Interpretação de escola

    Segundo o senso comum, cabe a escola "educar" os estudantes que a freqüentam. Penso que a função da escola é outra, a de proporcionar situações e estímulos adequados para que a formação dos estudantes seja relevante, produtiva e interessante. Isto inclui a construção de valores tais como auto-conhecimento, criatividade e flexibilidade (não entendam como referência à capacidade física), além de respeito às diferenças, cooperação, solidariedade e união, que por sua vez, são muito difundidos no meio da Educação Física escolar.

    Encarregadas de tentar fazer este trabalho, as disciplinas que perfazem a escola contribuem, cada uma à sua maneira, para o crescimento individual e coletivo das pessoas que a freqüentam.

    Assim sendo, concebo a escola como um grande mosaico, onde pequenas peças de diferentes formatos e cores, quando justapostas umas as outras, formam uma figura. As peças representam as disciplinas, algumas com formas convencionais e até certo ponto opacas, outras com formatos exóticos, coloridas, que dão brilho e vida, mas todas, sem exceção, são indispensáveis na construção desta figura.


Sobre a atividade física

    A escola vem priorizando o ensino de conteúdos que, na maioria das vezes, não estão relacionados com a praticidade e o dinamismo da vida moderna. Temas inerentes ao cotidiano prático raramente são trabalhados, e, quando isto acontece, a visão passada é praticamente unidimensional, uma vez que vários aspectos são ignorados e acabam resultando em um processo de "aprendizado" raso, inverossímil e, até certo ponto, preconceituoso (influenciado por valores sociais vigentes, diga-se de passagem).

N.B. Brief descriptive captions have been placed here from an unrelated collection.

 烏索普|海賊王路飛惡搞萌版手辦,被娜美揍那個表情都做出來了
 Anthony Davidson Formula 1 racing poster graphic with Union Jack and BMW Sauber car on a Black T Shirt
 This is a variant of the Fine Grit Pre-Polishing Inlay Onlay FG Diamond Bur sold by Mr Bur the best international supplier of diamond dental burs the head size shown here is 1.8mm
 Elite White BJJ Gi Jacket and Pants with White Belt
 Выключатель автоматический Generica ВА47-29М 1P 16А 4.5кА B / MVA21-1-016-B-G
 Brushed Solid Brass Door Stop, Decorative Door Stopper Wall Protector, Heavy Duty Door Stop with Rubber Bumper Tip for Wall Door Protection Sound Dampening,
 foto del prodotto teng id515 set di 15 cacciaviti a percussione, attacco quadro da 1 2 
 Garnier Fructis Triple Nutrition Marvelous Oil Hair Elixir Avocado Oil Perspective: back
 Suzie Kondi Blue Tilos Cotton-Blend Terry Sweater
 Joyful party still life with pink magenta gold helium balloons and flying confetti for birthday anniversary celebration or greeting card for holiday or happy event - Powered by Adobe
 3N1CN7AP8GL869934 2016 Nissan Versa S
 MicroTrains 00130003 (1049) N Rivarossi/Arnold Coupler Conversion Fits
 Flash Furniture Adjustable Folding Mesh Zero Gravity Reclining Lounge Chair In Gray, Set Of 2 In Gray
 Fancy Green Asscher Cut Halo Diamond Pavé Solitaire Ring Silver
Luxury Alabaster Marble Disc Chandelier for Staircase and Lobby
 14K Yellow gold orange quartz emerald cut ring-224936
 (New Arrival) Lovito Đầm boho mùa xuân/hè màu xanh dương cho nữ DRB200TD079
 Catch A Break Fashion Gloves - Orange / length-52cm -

    Dentre as diversas disciplinas que compõem este mosaico multidisciplinar chamado escola, a Educação Física possui as ferramentas mais faustosas para o desenvolvimento das questões vinculadas á saúde, pois os conteúdos que a permeia oferecem um vasto leque de opções que infelizmente são pouco exploradas pelos professores, que de um modo geral canalizam sua prática na reprodução de movimentos pré-estabelecidos e embasados no esporte que visa o rendimento.

    Segundo Kunz (1991), a Educação Física escolar vem cumprindo apenas com sua função biológica. A idiossincrasia do autor é válida, não obstante refere-se apenas a um aspecto: a dimensão motora dos estudantes. Informações teórico/práticas, sistematizadas e organizadas sobre saúde e atividade física relacionada ao bem estar, geralmente passam longe das pretensões da Educação Física escolar. Neste contexto, as críticas deveriam ser mais direcionadas e não atribuídas simplesmente a "parte biológica".

    É indiscutível que conhecimentos técnicos sobre anatomia humana, biomecânica e fisiologia do exercício são importantes, tendo em vista que possibilitam a compreensão crítica de como capacidades físicas podem ser desenvolvidas e como tais desenvolvimentos contribuem na prevenção de uma série de patologias e na possibilidade de melhorias na qualidade de vida.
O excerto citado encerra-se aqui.